BEGIN Supplied entries

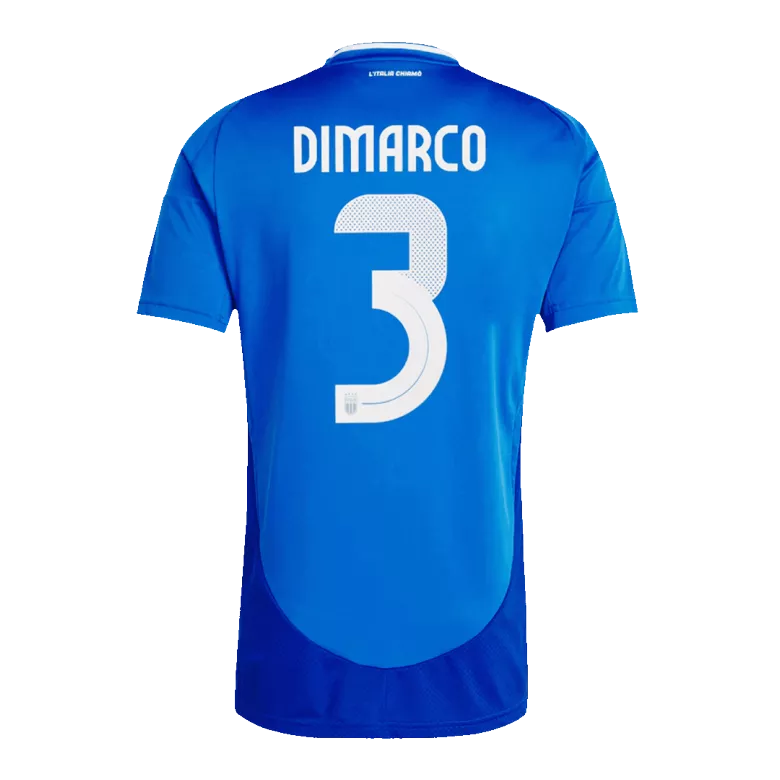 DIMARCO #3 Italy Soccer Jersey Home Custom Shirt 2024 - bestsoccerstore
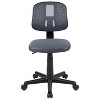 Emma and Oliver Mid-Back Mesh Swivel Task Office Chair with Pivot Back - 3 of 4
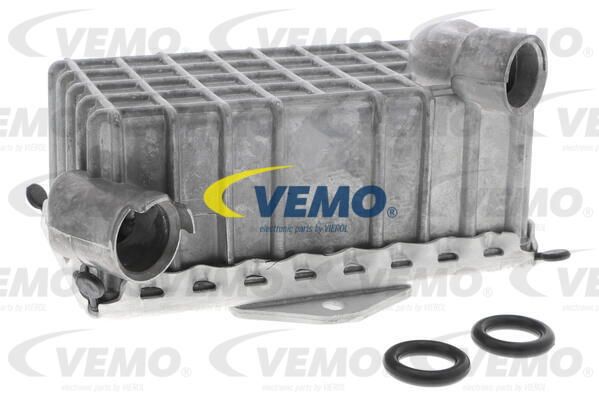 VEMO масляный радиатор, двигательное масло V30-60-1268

END Supplied entries
BEGIN Supplied entries

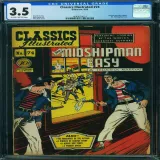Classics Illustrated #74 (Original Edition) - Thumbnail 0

END Supplied entries

Directions for this task: Each line above starting at the one holding "Emma and Oliver" and ending at the one holding "VEMO масляный радиатор, двигательное" should be set down exactly as it stands, both ends included, with no pictures.

Exercise output:
 Emma and Oliver Mid-Back Mesh Swivel Task Office Chair with Pivot Back - 3 of 4
 VEMO масляный радиатор, двигательное масло V30-60-1268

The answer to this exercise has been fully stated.